Exercise prompt.
Of the entries below, return exactly those lines that fall between the one containing "Rich Choices Clip" and the one containing "FSM Wooden Bed with Full Drawer Storage", the two end lines included.

Data under study.
········

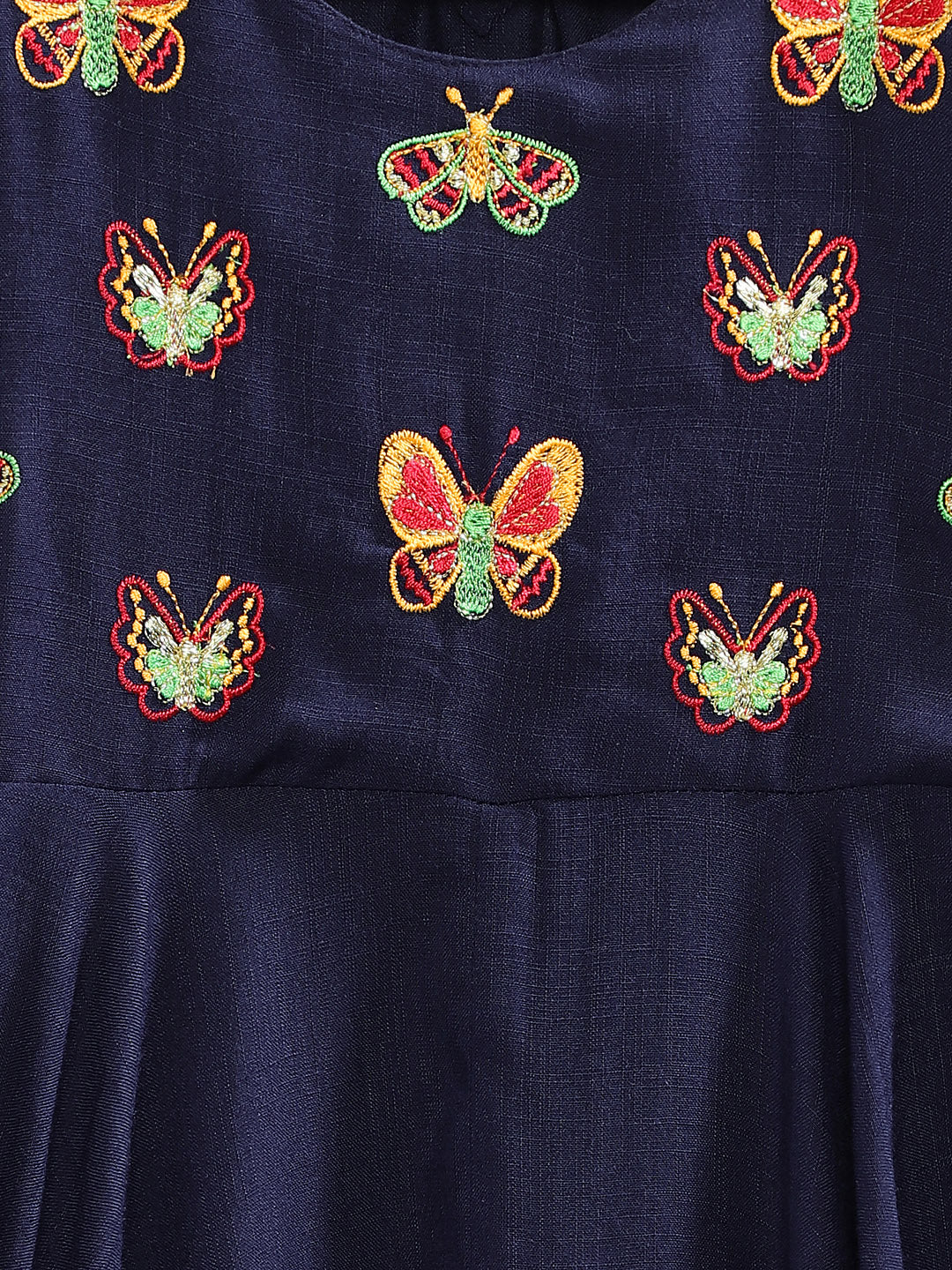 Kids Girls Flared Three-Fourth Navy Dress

········

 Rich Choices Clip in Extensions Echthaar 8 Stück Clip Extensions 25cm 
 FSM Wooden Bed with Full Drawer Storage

········

Reply to the task.
 Rich Choices Clip in Extensions Echthaar 8 Stück Clip Extensions 25cm 
 FSM Wooden Bed with Full Drawer Storage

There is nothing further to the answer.